= Ponnurunni Marshalling Yard =

Railway yard in Kochi, Kerala, India

The Ponnurunni Marshalling Yard (officially the Ernakulam Marshalling Yard), is a railway marshalling yard in Kochi, Kerala, India. It lies between the Ponnurunni and Kathrikadavu flyovers near Vyttila and covers about 110 acres. It is closed to the public and is used as a coach depot and maintenance facility.

== Redevelopment ==
Proposals to rebuild the yard as a passenger terminal were mande in 2020, when the Kerala Rail Development Corporation was asked to study the site's feasibility. Kochi's existing stations, Ernakulam Junction and Ernakulam Town, have little room to add tracks or platforms.

In June 2026 a project costing the work at ₹267 crore was submitted to the Railway Board.

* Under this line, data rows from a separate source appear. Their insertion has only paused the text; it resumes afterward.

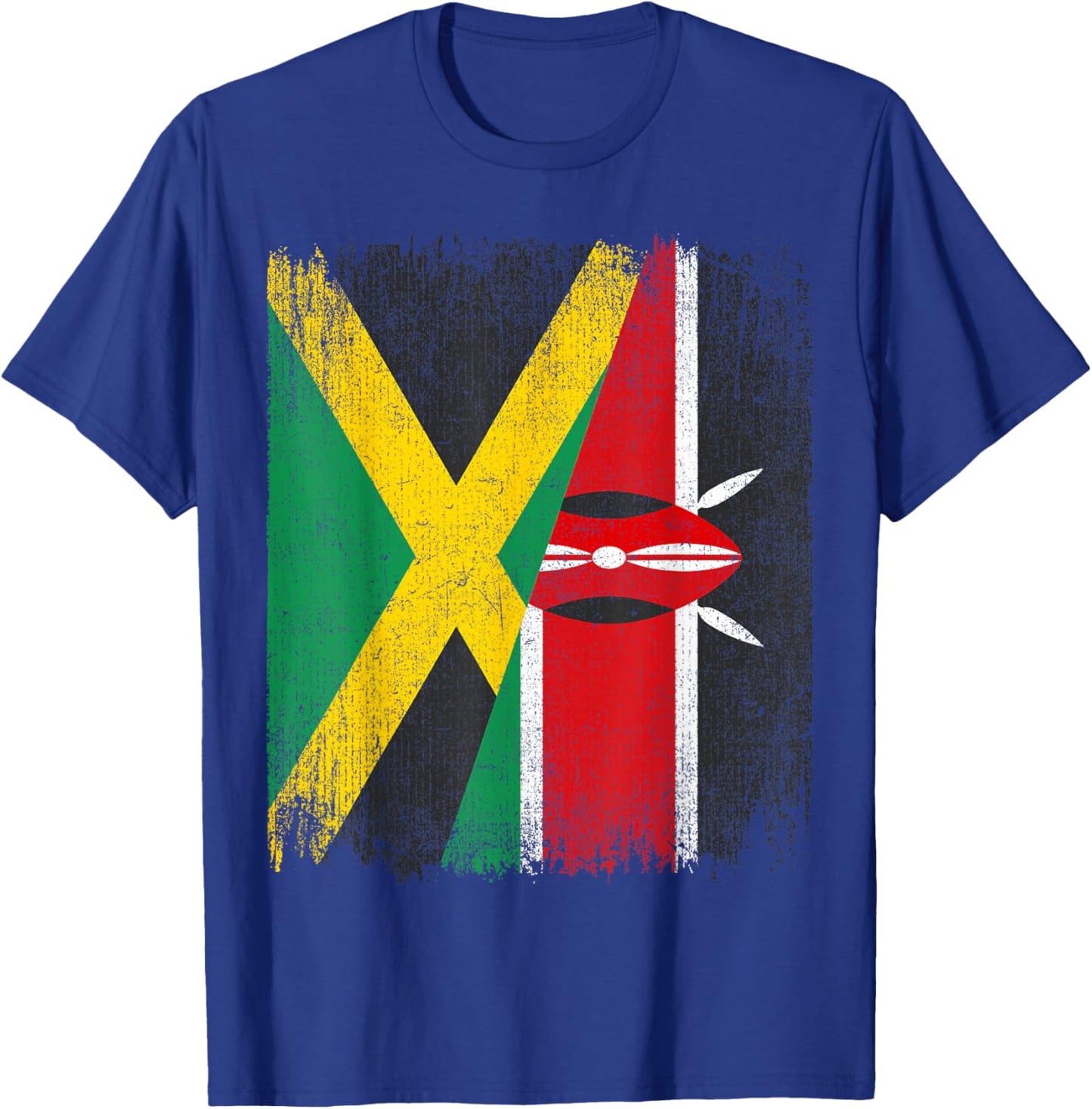 Half Jamaica Kenya Flag Jamaican Kenyan Pride Roots T-Shirt - T-Shirt | Royal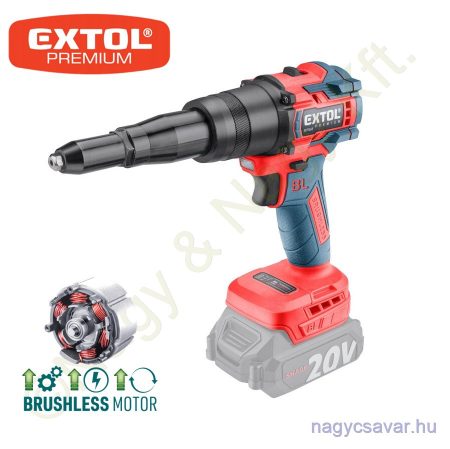 Akkus popszegecshúzó SHARE 20V 3,2-4,0-4,8mm 20V Li-Ion akku és töltő nélkül EXTOL Prémium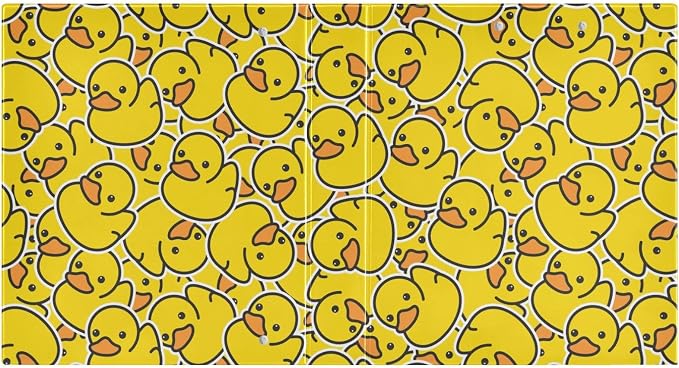 3 Ring Binder Cartoon Yellow Duck 1.5 Inch Three Ring Binder | Cute Binder with 3 Storage Pockets for Women School Office Supplies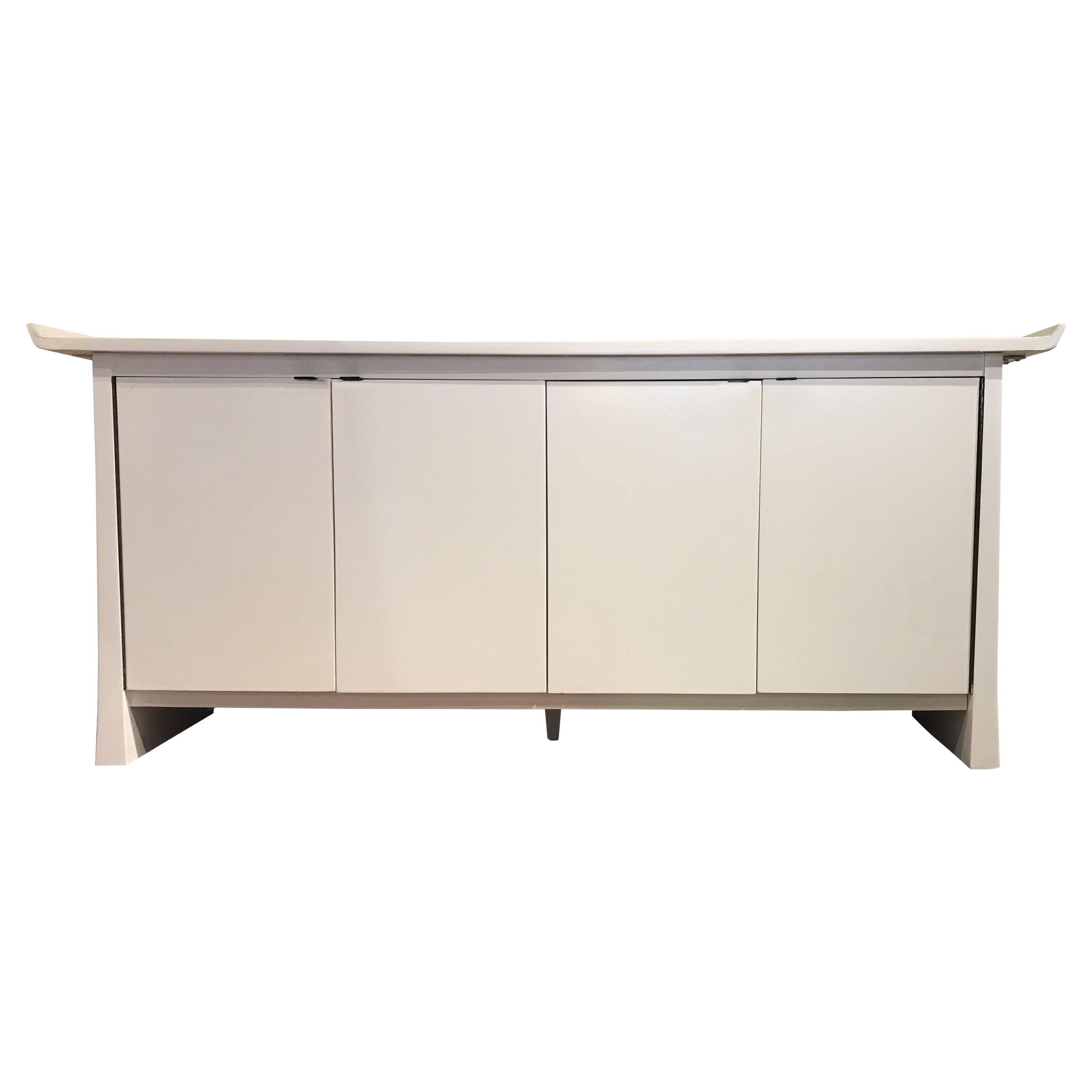 White Lacquer 1960s Credenza by Bernhard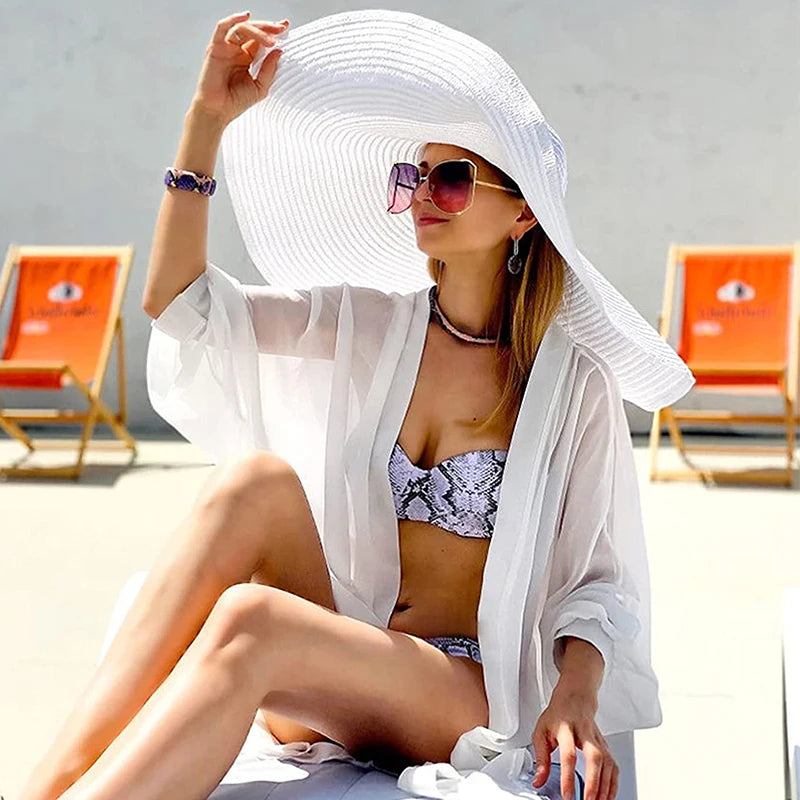 70cm Oversized  Wide Brim Sun Hat Travel  Large UV Protection Beach Straw Hats Women's Summer Floppy Foldable Chapeaux Wholesale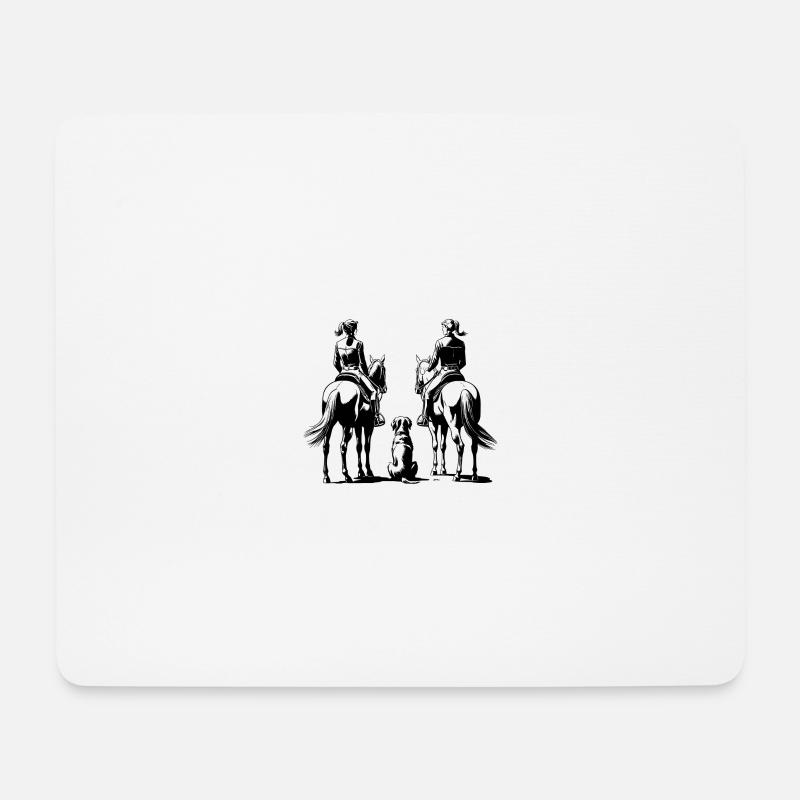 Reitende Frauen mit Hund und Pferd Schwarz-Weiß - Mousepad (Querformat) - Weiß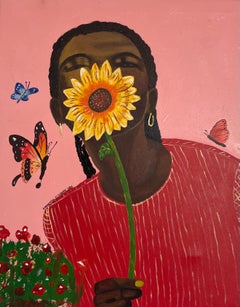 Mariposas -Siglo XXI, Contemporáneo, Figurativo, Retrato, Mujer, África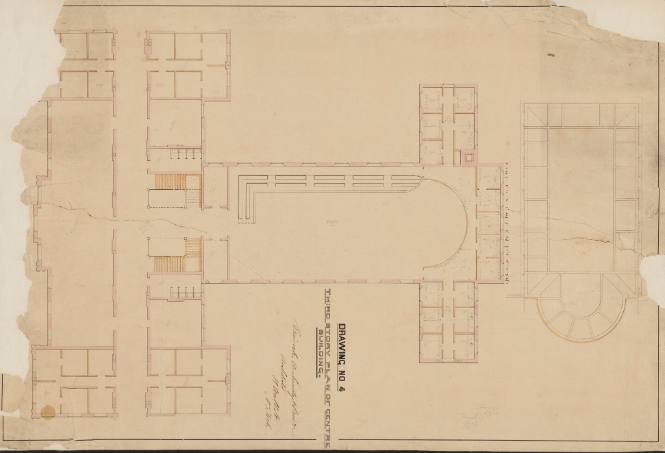 Drawing no. 4, third story plan, Main Building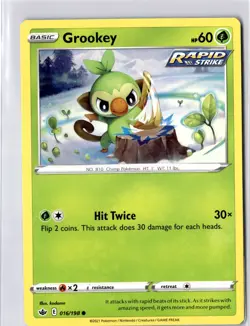 Grookey 016/198 Chilling Reign Regular Common Pokemon Card NM Rapid Strike - Image 1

It proposes six platforms, with provision to expand to fifteen in later phases; three pit lines, two of them reserved for Vande Bharat Express rakes; three stabling lines and a wagon repair line; and a main entrance from the upper deck of the Ponnurunni railway overbridge.

There have been proposals to name any station built on the site "Kochi Central" or "Ernakulam Central" to reduce geographical confusion for travelers and place the station entirely within the boundaries of the Kochi Municipal Corporation.